SNP councillors in Aberdeen have pledged to spend tens of millions of pounds on a new bridge across the River Dee – if they seize control of the local authority at May elections.
Nationalists in the city have put the congesting-busting project at the heart of their manifesto for the spring poll.
They believe a new crossing would “transform” the entrance to the city from the south and get rid of the notorious bottleneck which causes huge hold-ups on the A90.
The ambitious scheme could cost between £0million-£60million.
Stephen Flynn, the leader of the SNP group on the city council, said it was “essential” to capitalise on the improved transport links which will be created by the completion of the Aberdeen Western Peripheral Route (AWPR).
Plans for a new river crossing have been on the table since early last year.
Council chiefs unveiled a trio of designs, which would all retain the 16th century Bridge of Dee for pedestrians and cyclists.

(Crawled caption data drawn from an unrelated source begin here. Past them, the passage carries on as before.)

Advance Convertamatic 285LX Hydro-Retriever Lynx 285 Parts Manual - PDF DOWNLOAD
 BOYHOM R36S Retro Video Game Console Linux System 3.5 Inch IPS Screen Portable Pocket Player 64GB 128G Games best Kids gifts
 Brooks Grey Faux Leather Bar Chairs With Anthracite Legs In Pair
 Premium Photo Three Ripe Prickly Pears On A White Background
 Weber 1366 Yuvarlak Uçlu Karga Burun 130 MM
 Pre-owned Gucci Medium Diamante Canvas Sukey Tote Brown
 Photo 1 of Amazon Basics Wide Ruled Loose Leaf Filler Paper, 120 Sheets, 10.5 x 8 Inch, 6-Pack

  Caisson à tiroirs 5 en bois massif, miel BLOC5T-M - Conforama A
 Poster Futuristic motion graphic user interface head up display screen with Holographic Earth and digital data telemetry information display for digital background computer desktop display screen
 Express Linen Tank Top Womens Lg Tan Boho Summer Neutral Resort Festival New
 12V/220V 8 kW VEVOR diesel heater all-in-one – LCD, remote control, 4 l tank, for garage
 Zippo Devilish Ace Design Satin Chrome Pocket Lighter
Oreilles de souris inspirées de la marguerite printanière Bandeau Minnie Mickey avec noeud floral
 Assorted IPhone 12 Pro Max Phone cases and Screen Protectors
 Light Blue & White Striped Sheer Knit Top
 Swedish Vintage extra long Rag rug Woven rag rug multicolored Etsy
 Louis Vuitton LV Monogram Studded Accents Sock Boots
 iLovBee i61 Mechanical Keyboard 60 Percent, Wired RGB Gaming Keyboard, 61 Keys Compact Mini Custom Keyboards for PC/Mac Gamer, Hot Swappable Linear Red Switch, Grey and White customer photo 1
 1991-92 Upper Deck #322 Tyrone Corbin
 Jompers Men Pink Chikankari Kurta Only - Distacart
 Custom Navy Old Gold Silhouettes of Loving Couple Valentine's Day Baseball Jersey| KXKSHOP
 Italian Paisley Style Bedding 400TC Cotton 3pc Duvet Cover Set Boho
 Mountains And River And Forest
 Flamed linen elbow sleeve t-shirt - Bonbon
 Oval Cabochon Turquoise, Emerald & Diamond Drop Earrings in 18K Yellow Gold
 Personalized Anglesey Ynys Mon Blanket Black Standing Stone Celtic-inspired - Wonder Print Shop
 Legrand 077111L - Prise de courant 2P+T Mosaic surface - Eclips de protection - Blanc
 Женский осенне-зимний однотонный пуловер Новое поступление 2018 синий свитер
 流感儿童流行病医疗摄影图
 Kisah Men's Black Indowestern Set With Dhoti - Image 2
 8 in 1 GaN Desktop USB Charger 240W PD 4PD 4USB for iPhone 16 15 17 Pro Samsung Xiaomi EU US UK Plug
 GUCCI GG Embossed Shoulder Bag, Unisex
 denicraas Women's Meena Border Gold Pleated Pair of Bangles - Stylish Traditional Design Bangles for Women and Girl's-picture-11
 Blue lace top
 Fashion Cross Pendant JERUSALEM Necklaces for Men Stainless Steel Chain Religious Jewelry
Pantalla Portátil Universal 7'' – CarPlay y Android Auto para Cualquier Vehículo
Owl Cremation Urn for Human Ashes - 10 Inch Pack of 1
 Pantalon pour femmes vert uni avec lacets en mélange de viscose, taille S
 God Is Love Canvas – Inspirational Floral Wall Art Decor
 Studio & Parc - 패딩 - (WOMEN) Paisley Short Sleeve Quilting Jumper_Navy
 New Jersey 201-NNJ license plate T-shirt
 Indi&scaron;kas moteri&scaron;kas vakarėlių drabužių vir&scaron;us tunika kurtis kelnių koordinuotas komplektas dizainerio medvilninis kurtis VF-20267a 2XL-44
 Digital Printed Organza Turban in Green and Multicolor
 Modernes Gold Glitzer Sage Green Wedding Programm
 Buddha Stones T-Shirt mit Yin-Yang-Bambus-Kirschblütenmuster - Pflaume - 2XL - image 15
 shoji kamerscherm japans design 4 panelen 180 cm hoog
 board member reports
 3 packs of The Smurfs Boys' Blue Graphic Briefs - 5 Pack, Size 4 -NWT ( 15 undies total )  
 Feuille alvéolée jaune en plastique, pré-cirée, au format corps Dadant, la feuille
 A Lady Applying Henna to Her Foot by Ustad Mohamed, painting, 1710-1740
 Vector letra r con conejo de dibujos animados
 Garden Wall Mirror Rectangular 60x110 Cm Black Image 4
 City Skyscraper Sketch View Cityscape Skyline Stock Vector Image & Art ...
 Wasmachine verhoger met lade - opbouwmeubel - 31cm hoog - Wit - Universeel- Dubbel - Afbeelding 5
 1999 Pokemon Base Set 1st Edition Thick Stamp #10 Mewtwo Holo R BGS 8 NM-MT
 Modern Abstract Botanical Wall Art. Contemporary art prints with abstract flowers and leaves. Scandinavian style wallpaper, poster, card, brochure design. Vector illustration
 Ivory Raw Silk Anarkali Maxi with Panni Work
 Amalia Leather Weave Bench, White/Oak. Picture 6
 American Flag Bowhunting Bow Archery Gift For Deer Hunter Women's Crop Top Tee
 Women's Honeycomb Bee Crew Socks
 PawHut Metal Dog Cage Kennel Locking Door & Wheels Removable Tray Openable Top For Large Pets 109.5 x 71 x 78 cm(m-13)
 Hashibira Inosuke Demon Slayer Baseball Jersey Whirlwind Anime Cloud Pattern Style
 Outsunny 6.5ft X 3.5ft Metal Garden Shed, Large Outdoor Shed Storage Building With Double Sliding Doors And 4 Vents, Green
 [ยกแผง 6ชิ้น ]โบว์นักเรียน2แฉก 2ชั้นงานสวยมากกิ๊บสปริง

One option – known as concept 6 – would involve a dual carriageway link road between Garthdee Road and the A90 Aberdeen-Dundee route.
Concept 6B contains all the elements of concept 6, with the addition of a new link road between Inchgarth Road and the A93 North Deeside Road.
Concept 7, which is favoured by the SNP, would include a new arch crossing alongside the existing Bridge of Dee.
Councillor Flynn said: “With transport links around our city being improved thanks to the AWPR it is absolutely essential that we capitalise on this and do our bit to improve the infrastructure in this part of our city.
“Obviously, any development will need to be sympathetic to the historical magnificence of the Bridge of Dee and not impact the river itself, but I believe this can be achieved and I’m excited about doing so.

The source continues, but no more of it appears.